24 Mr Yao also sought to issue a summons to "Mary" at Mission Australia, Punchbowl. This the Tribunal declined on the basis that the recipient was insufficiently identified and also because the member could not understand how anything that witness might say would advance Mr Yao's case on the three issues I have already identified. I can discern in that approach no error.
25 The last summons sought was to Ms Colwell at Centrelink, Bankstown. The Tribunal concluded that this evidence would have no relevance to Mr Yao's case, a proposition with which I agree.
26 Thus, even if it were possible to overcome the many procedural hurdles standing in the way of treating Mr Yao's appeal under s 44 of the AAT Act as an application for some species of judicial review I would not permit any such reformulation to take place.
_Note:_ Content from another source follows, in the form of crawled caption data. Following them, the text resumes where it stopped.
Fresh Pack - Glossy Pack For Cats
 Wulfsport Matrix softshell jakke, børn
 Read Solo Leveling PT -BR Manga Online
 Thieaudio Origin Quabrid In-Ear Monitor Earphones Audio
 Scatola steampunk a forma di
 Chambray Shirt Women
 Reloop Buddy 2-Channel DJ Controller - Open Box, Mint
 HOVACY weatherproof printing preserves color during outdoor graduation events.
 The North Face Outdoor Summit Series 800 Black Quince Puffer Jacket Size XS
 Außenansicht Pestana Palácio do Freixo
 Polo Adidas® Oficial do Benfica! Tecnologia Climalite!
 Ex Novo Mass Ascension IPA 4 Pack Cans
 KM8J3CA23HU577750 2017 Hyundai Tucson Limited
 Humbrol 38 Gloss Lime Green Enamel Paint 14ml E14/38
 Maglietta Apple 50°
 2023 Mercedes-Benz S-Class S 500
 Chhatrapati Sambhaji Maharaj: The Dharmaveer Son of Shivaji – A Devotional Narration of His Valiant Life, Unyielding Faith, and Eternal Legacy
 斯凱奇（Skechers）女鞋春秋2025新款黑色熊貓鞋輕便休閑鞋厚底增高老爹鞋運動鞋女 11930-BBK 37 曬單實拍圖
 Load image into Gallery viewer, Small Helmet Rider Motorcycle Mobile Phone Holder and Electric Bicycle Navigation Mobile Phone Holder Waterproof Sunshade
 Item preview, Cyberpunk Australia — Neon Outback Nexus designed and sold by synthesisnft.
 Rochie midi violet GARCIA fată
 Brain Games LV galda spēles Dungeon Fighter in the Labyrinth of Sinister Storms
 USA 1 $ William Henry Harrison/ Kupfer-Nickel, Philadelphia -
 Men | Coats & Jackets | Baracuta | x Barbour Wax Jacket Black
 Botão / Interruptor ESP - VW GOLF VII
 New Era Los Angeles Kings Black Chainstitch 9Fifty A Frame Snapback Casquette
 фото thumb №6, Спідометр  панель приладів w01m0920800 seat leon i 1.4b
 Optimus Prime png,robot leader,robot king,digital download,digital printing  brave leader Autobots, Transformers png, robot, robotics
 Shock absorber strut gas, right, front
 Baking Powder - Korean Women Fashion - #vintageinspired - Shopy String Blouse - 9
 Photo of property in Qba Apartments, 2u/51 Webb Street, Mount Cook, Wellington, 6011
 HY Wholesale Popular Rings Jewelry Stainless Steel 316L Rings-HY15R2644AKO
I take that course because I regard the prospects of success for such putative litigation as being a relevant discretionary matter to be taken into account in deciding whether to permit such a recasting to be undertaken. I should note, for completeness, that I am by no means convinced that Mr Yao, in fact, applied for such a recasting.
27 In those circumstances, the proceedings must be dismissed. Since the Secretary's notice of objection to competency is itself incompetent I need make no order disposing of it. Despite that, it is appropriate that Mr Yao bear the Secretary's costs of the proceedings. Although I have concluded that the procedure adopted to challenge the Court's jurisdiction did not exist there were a number of cases which suggested the viability of that procedure. Ultimately, the Secretary's point was entirely vindicated for the reasons he advanced. In those circumstances it is appropriate that he be awarded his costs.